Effective Landau-Zener transitions in circuit dynamical Casimir effect with time-varying modulation frequency

Abstract: We consider the dissipative single-qubit circuit QED architecture in which the atomic transition frequency undergoes a weak external time-modulation. For sinusoidal modulation with linearly varying frequency we derive effective Hamiltonians that resemble the Landau-Zener problem of finite duration associated to a two- or multi-level systems. The corresponding off-diagonal coupling coefficients originate either from the rotating or the counter-rotating terms in the Rabi Hamiltonian, depending on the values of the modulation frequency.

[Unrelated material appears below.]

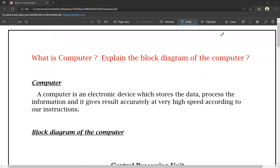Hello everyone. I will tell you about the block diagram of the computer in the first unit. We have a question about the first unit — this is a very important question. So we will tell you about the block diagram of the computer. The question is: what is a computer? Explain the block diagram of the computer.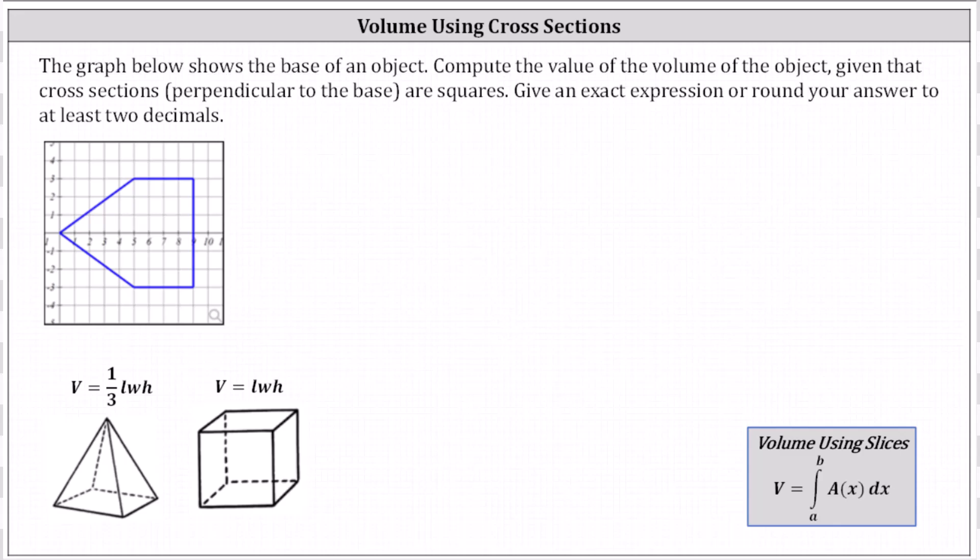The graph below shows the base of an object. Compute the value of the volume of the object given that cross sections perpendicular to the base are squares. We'll determine the volume two ways: first using geometric formulas, and then using integration with the method of volume by slices.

It is demonstrated that in the dissipation less case one can accomplish almost complete transitions between the eigenstates of the bare Rabi Hamiltonian even for relatively short duration of the frequency sweep. To assess the experimental feasibility of our scheme we solved numerically the phenomenological and the microscopic quantum master equations in the Markovian regime at zero temperature. Both models exhibit qualitatively similar behavior and indicate that photon generation from vacuum via effective Landau-Zener transitions could be implemented with the current technology on the timescales of a few microseconds. Moreover, unlike the harmonic dynamical Casimir effect implementations, our proposal does not require the precise knowledge of the resonant modulation frequency to accomplish meaningful photon generation.